By Mary Travers
The NHS must prepare for the genetic revolution.
So says Auntie BBC, based on the press release from a report into the effect of new sequencing technologies on public health, conducted by the Foundation for Genomics and Population Health. The report suggests that medicine is going to be transformed in the short term, with rare genetic diseases fully testable, common genetic diseases fully predictable, and treatment fully tailored to an individual’s genetic make-up. The NHS, so its line of argument runs, needs only to employ a few bioinformaticians (mathematicians and computer programmers who attempt to analyse the deluge of sequencing data) and send doctors on a few training courses to take full advantage of this impending revolution.
The trouble is, I’m not remotely convinced that the revolution is anything like impending. Don’t get me wrong, I work in disease genetics and am passionate about the benefits it will eventually bring to medicine and public health. But the key word here is eventually.

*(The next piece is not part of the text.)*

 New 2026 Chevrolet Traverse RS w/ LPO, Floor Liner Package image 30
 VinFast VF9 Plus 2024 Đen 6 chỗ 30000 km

It is certainly true that technological advances in the past few years have genuinely transformed the speed, ease and cost of sequencing a human genome. The first human genome sequence (which celebrated its decade anniversary last year) took hundreds of researchers many years to complete, and cost upwards of $1million. Today, the same feat can be accomplished in a few hours for less than $1000 – and commercial companies are promising a $30 genome in the near future. All this means that it is now far more feasible to sequence multiple genomes – and research projects such as the “1000 genomes project” (does exactly what it says on the tin) are doing just that.

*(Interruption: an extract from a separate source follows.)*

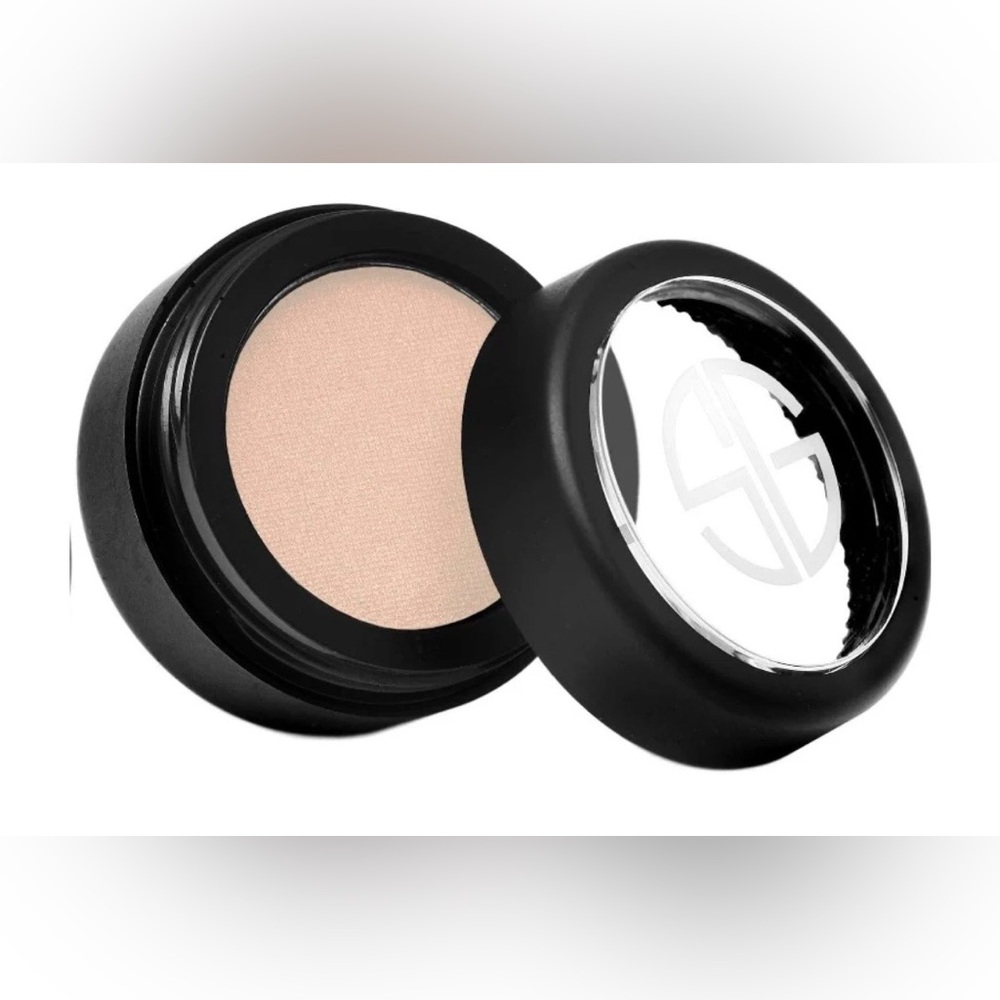 New! Studio Gear Cosmetics Naive Pink eyeshadow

However, making sense these many terabytes of data is a whole different ball game; each human genome is about three billion letters long, and we barely understand what anything more than the ~3% of protein-coding letters actually do. The pilot phase of the 1000 genome project (published in October 2010 and based on the complete genomes of 179 individuals) identified upwards of 15 million letters which varied from person to person, and between 250 and 300 mutations probably affecting gene function in every participant – and these were healthy people.
The problems this creates for genetic diagnoses are obvious. According to the report, whole-genome sequencing will transform “any kind of undiagnosed rare condition where you suspect it to be genetic, but you don’t know where to look”. Well, yes, it may narrow the field from three billion, but a field of 300 is hardly small. Of course, where many individuals with the same disease carry the same causative mutation, it would be relatively easy to identify by comparing the genomes of disease sufferers and non-sufferers. But these mutations have, in the main, already been identified through other means – Cystic Fibrosis and Huntingdon’s Chorea being classic examples.
The rare genetic diseases left to “solve” are likely to be those caused by different mutations in different people. Here, having a whole genome sequence is little use without enormous amounts of comparative data and years of work in the laboratory to determine which of the many candidate mutations actually has a biological effect – and we just aren’t there yet.
And that’s without even opening the can of worms which is common, complex genetic diseases such as cancer and Type 2 diabetes. Here, genetic variants may alter an individual’s susceptibility to the disease, but by no means guarantee that they will or will not develop it – environment also has a huge role to play. So far, genetic studies of complex genetic diseases have only identified pretty common variation which confers a pretty small increase in disease risk: for example a variant carried by 20% of the population which increases disease risk by 5%. This information is as good as useless for predicting who will and will not develop an illness. Whole genome sequencing may well eventually uncover less common variants which confer a larger disease risk: for example a mutation carried by 2% of the population which increases disease risk by 20%. But getting there will take thousands more genomes and thousands more man-hours at computers, struggling to analyse a monumental amount of data. And even then, the predictive power of one of these variants would be paltry when compared to lifestyle factors such weight and exercise. Hardly the “clear clinical benefit” which the report promises.
I do not mean to be negative about the potential of whole-genome sequencing. It is a fantastic and exciting achievement, and will, in the fullness of time, impact upon the medical treatment in all our lives. But that time is not yet, and to suggest that could be is counter-productive. The idea that employing a few bioinformaticians will turn the NHS into a genetic powerhouse, when the best bioinformaticians at the best research institutions in the word are just beginning to grapple with this information, is frankly ridiculous. Raising vain hopes for an imminent genetic revolution in the NHS will, in my opinion, ultimately damage the standing of medical genetics with the public – and that is something which I am sure the report’s authors would not wish to be responsible for.